━━━━━ Recorded data

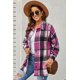 thumbnail image 4 of ABPHQTO Chaqueta camisera abotonada con estampado de rosas a cuadros para mujer, 4 of 5
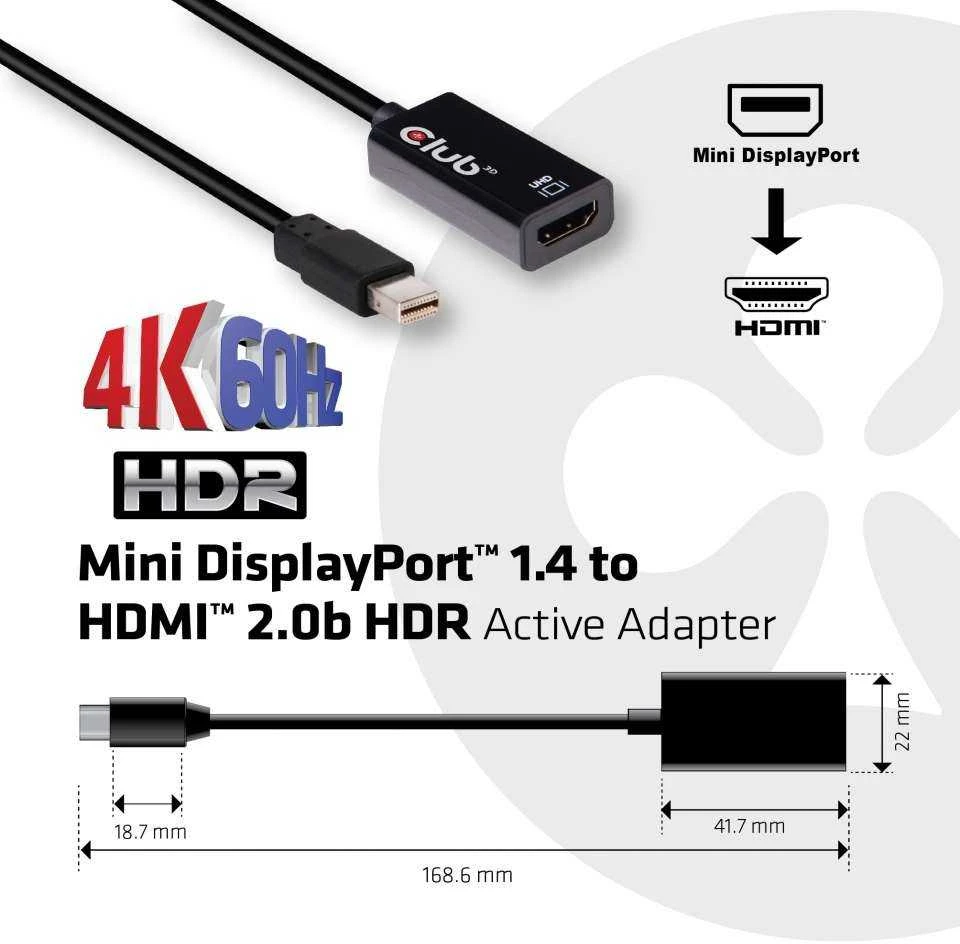 Club 3D CLUB3D Mini DisplayPort 1.4 į HDMI 2.0b HDR aktyvus adapteris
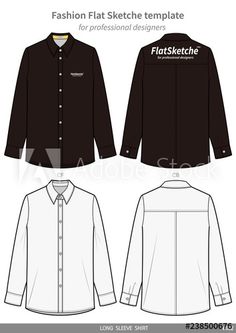 a black and white shirt template for men's clothing, long sleeved shirt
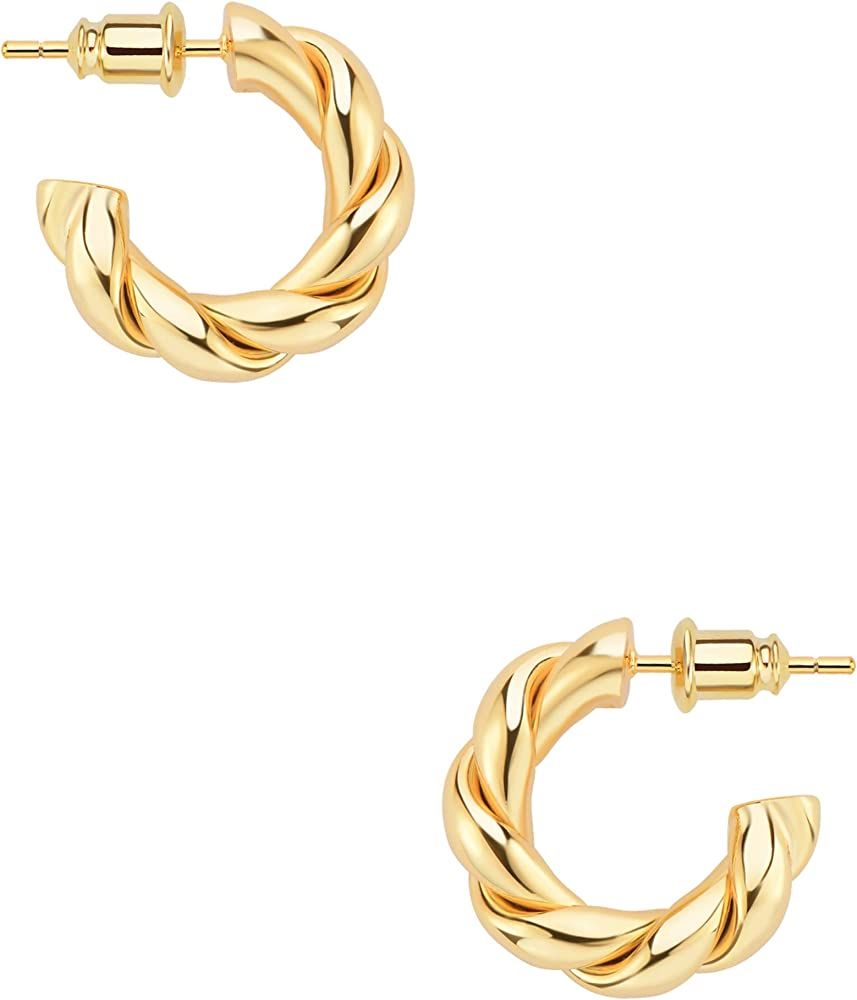 Wowshow Chunky Gold Hoop Earrings, Small Gold Hoop Earrings for Women 14K Real Gold Plated Thick ... | Amazon (US)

━━━━━━━━━━

## The problem
Retype the line containing "Club 3D CLUB3D" and all lines after it to the end of the material, exactly as written, leaving out any pictures.

## Solution to this task
 Club 3D CLUB3D Mini DisplayPort 1.4 į HDMI 2.0b HDR aktyvus adapteris
 a black and white shirt template for men's clothing, long sleeved shirt
 Wowshow Chunky Gold Hoop Earrings, Small Gold Hoop Earrings for Women 14K Real Gold Plated Thick ... | Amazon (US)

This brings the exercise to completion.